Irssi is a modular IRC client that currently has only text mode user
interface, but 80-90% of the code isn't text mode specific, so other
UIs could be created pretty easily. Also, Irssi isn't really even IRC
specific anymore, there's already a working SILC (http://www.silcnet.org)
module available. Support for other protocols like ICQ could be created
some day too.


 * FEATURES

So what's so great about Irssi? Here's a list of some features I can
think of currently:

 - Optional automation - There's lots of things Irssi does for you
   automatically that some people like and others just hate. Things like:
   nick completion, creating new window for newly joined channel, creating
   queries when msgs/notices are received or when you send a msg, closing
   queries when it's been idle for some time, etc.

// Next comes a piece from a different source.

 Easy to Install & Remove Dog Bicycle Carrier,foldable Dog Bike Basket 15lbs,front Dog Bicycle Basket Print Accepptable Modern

 - Multiserver friendy - I think Irssi has clearly the best support
   for handling multiple server connections. You can have as many as you
   want in as many ircnets as you want. Having several connections in one
   server works too, for example when you hit the (ircnet's) 10
   channels/connection limit you can just create another connection and
   you hardly notice it. If connection to server is lost, Irssi tries to
   connect back until it's successful. Also channels you were joined
   before disconnection are restored, even if they're "temporarily
   unavailable" because of netsplits, Irssi keeps rejoining back to them.
   Also worth noticing - there's not that stupid "server is bound to this
   window, if this window gets closed the connection closes" thing that
   ircII based clients have.

 - Channel automation - You can specify what channels to join to
   immediately after connected to some server or IRC network. After joined
   to channel, Irssi can automatically request ops for you (or do
   anything, actually) from channel's bots.

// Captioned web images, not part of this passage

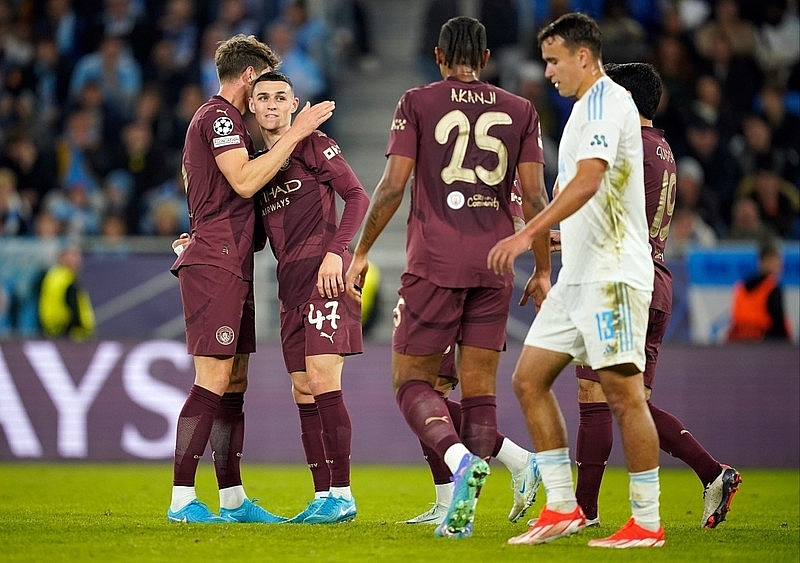 Man City thắng đậm tại Champions League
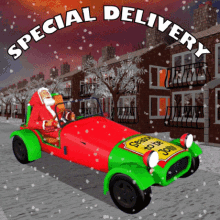 Christmas Delivery Special Delivery GIF - Christmas Delivery Special Delivery Santa In Car GIFs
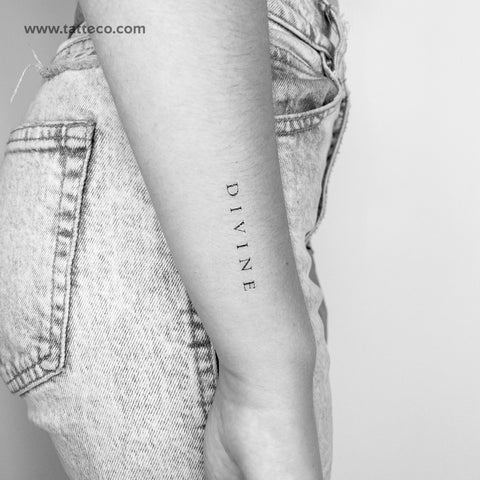 Divine Temporary Tattoo - Set of 3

 - Window content saving - Say /LAYOUT SAVE when you've put all the
   channels and queries to their correct place, and after restarting
   Irssi, the channels will be joined back into windows where they were
   saved.

 - Tab completing anything - You can complete lots of things with tab:
   nicks, commands, command -options, file names, settings, text format
   names, channels and server names. There's also an excellent /msg
   completion that works transparently with multiple IRC networks.
   Completing channel nicks is also pretty intelligent, it first goes
   through the people who have talked to you recently, then the people who
   have talked to anyone recently and only then it fallbacks to rest of
   the nicks. You can also complete a set of words you've specified, for
   example homepage<tab> changes it to your actual home page URL.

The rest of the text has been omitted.